Polestar 1 undergoes first crash tests with carbon fibre body

Brett Davis

Polestar has performed its first run of crash tests of the upcoming Polestar 1 hybrid sports car. This is the first time Volvo has analysed the strength of a carbon fibre body under crash test conditions.

Unlike steel bodies which bend and absorb energy during an impact, carbon fibre is known to be much stronger and more rigid but is also prone to shattering and splintering under pressure. Volvo paid special attention on analysing how the carbon fibre body reacted to the brute forces during impact.

The Polestar 1 uses a carbon fibre body that surrounds a steel structure, employing what’s called a ‘dragonfly’ system. After crash testing, Volvo said most of the energy was absorbed by the car’s crash structure, with other energy mitigated by the carbon fibre body panels. Thomas Ingenlath, CEO at Polestar, said:

“We were really excited about this crash test. The first crash test of Polestar 1 has been about exploring the unknown. This was a crucial proof point in the development of Polestar 1; we had to know that the ideas and calculations that have gone into building this car were right – and they were.”

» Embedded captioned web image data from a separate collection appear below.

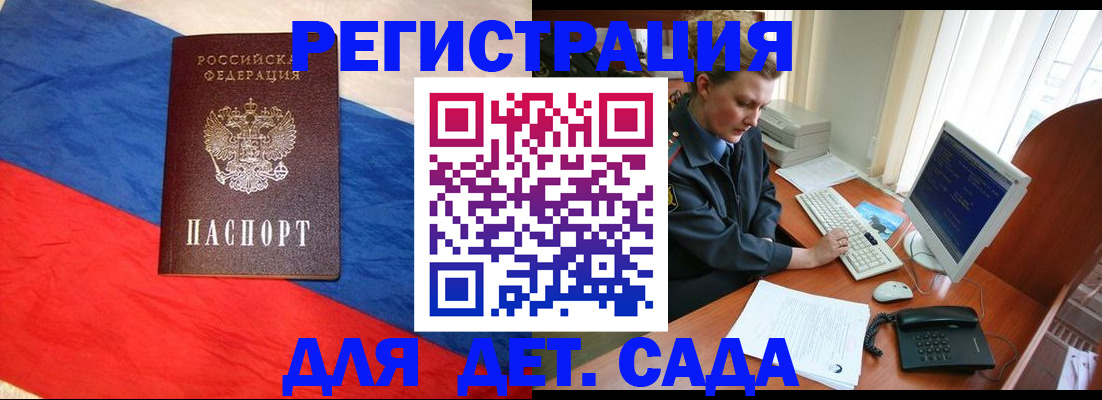 миграционный учет в Свердловской области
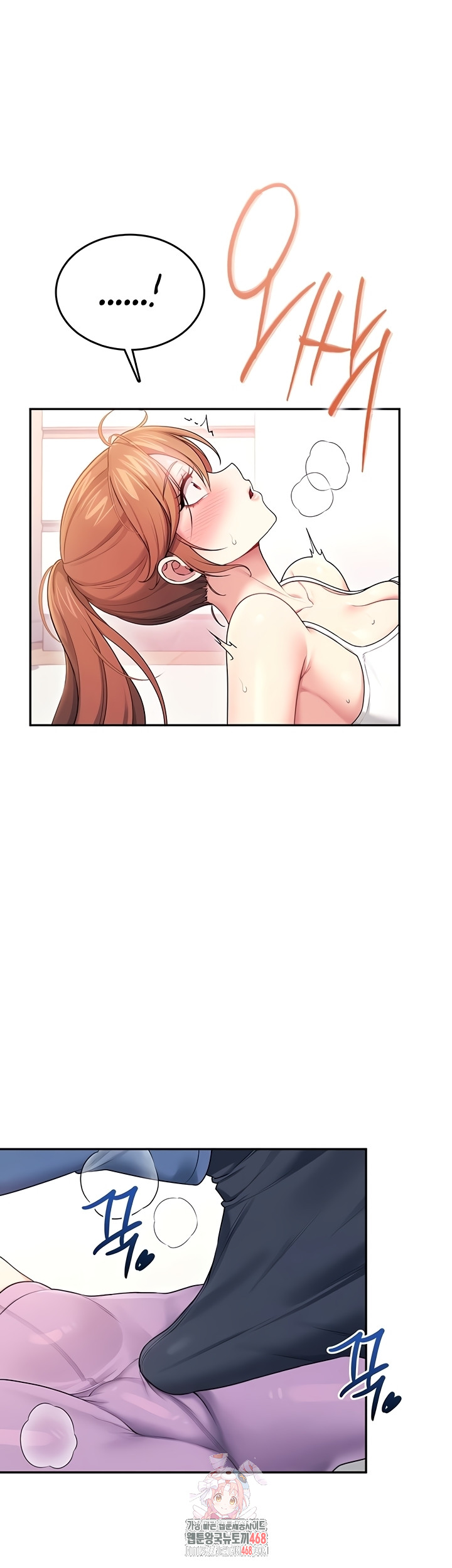 Wireless Onahole Raw - Chapter 47 Page 1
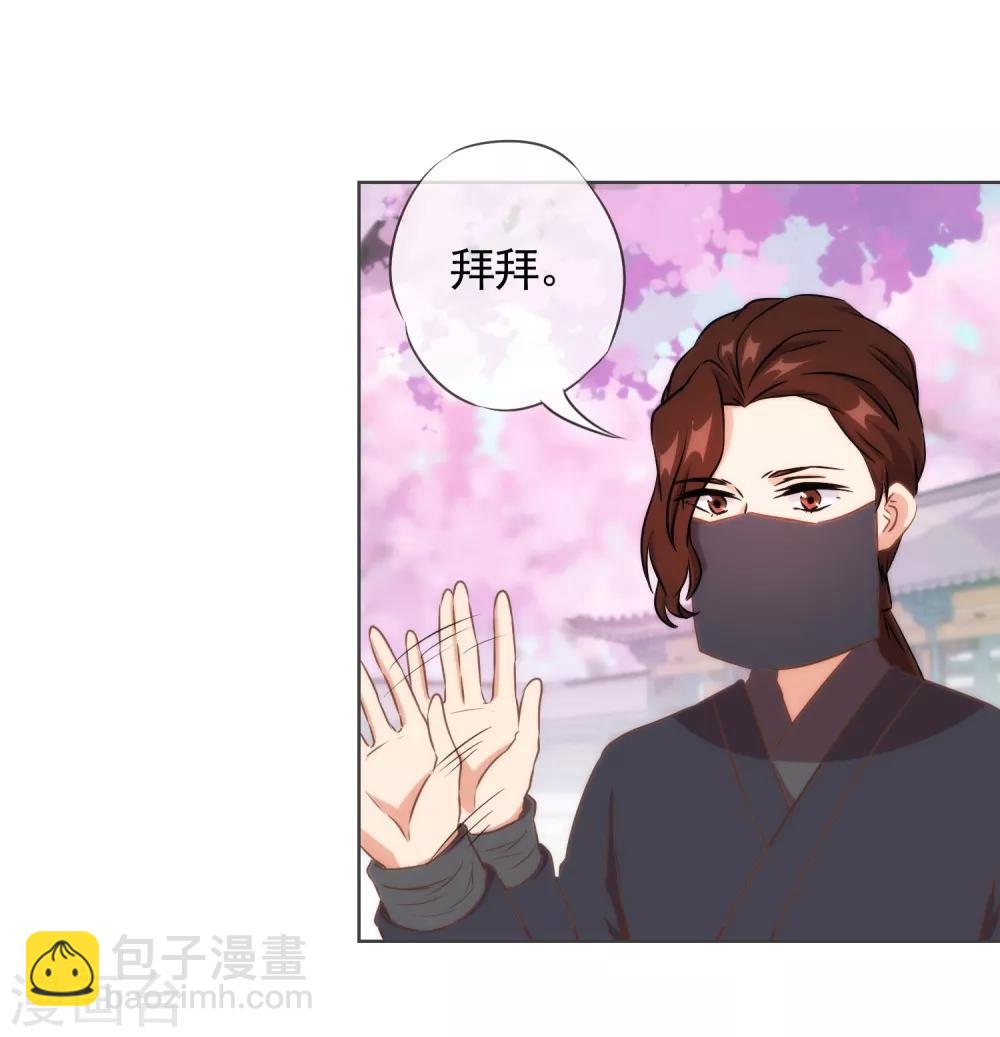 哦，我的寵妃大人 - 第89話 雞賊乾妹妹 - 5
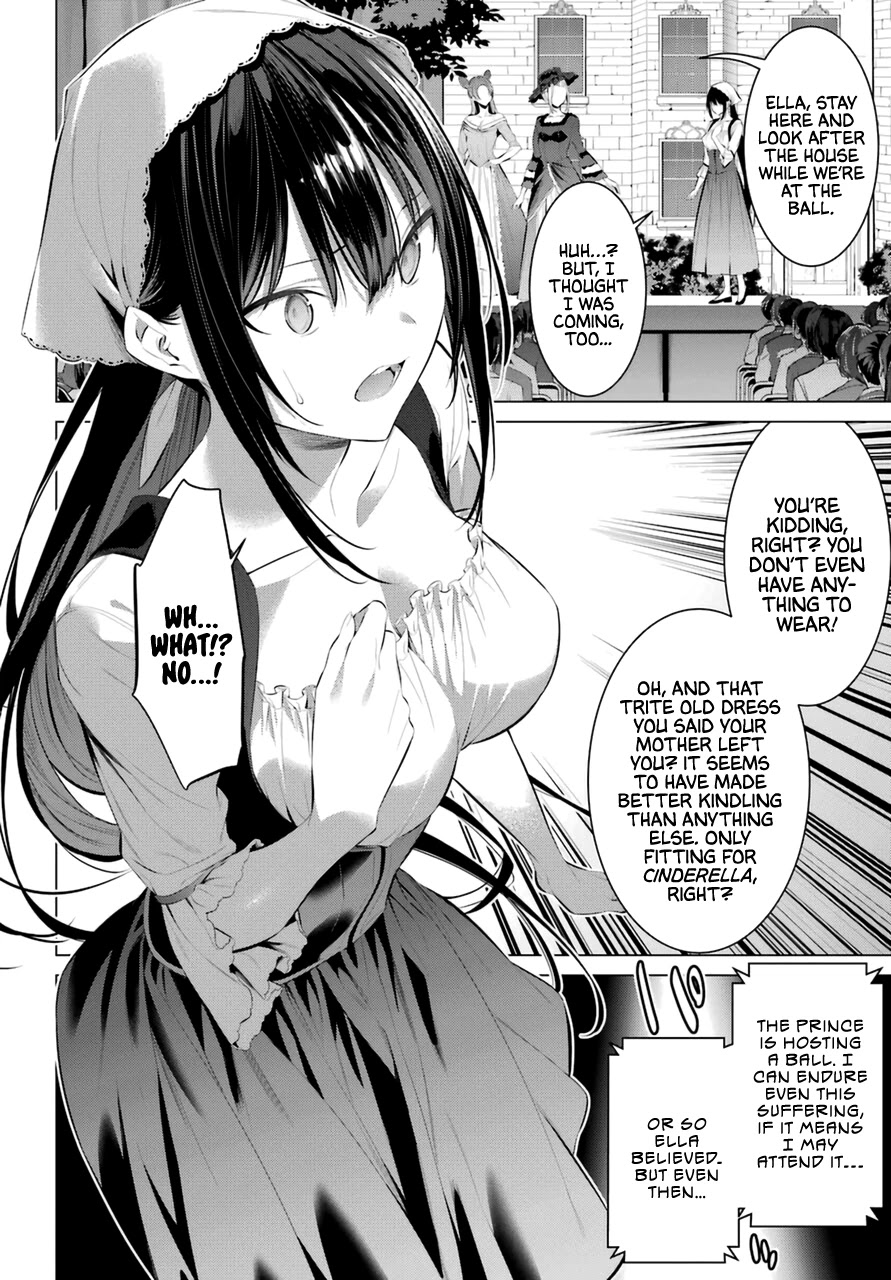 Haite Kudasai, Takamine San chapter 28 page 7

Crash testing was performed at the Volvo Cars Safety Centre in Gothenburg, Sweden, with a Polestar 1 prototype propelled into a stationary wall at 56km/h. This is the standard frontal crash simulation. Zef van der Putten, Polestar carbon fibre boss, said:

“The outcome of this first crash test validates the decision to build the body of Polestar 1 in carbon fibre. It also confirms that carbon fibre supports the highest safety standards. This is an example of how Polestar spearheads the development of new technology in the Volvo Car Group.”

Production of the Polestar 1 has commenced, but only for pre-production prototype models. These models, 34 of them to be precise, are hitting the roads soon for validation and testing. Customer cars will be produced at a new facility in China, while the prototypes are built at Volvo’s headquarters in Sweden. Deliveries are scheduled to commence next year.